** DIRECTIONS FOR THIS TASK **
The lines from the one containing "How to make" through the last one in the data: please copy those exactly, and only those, without the pictures.

** COLLECTED MATERIAL **

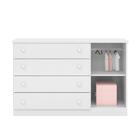 Cômoda Branca Para Quarto De Bebê 4 Gavetas 1 Porta Elias Sho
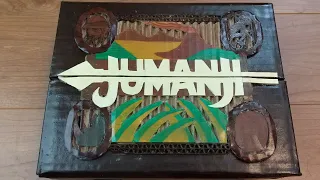 How to make JUMANJI Board Game with Cardboard, DIY; Stay at home!　（ジュマンジ 1995）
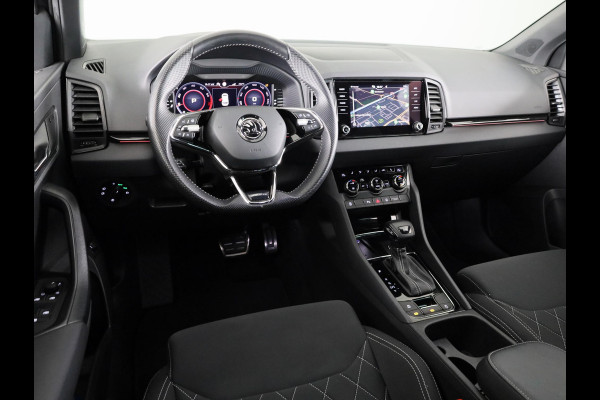 Škoda Karoq 1.5 TSI ACT Sportline Business 150 pk Automaat (DSG) | Navigatie | Elektr. trekhaak | Parkeersensoren | Achteruitrijcamera | Adaptieve cruise control | Stoelverwarming |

** OUTPUT **
 How to make JUMANJI Board Game with Cardboard, DIY; Stay at home!　（ジュマンジ 1995）
 Škoda Karoq 1.5 TSI ACT Sportline Business 150 pk Automaat (DSG) | Navigatie | Elektr. trekhaak | Parkeersensoren | Achteruitrijcamera | Adaptieve cruise control | Stoelverwarming |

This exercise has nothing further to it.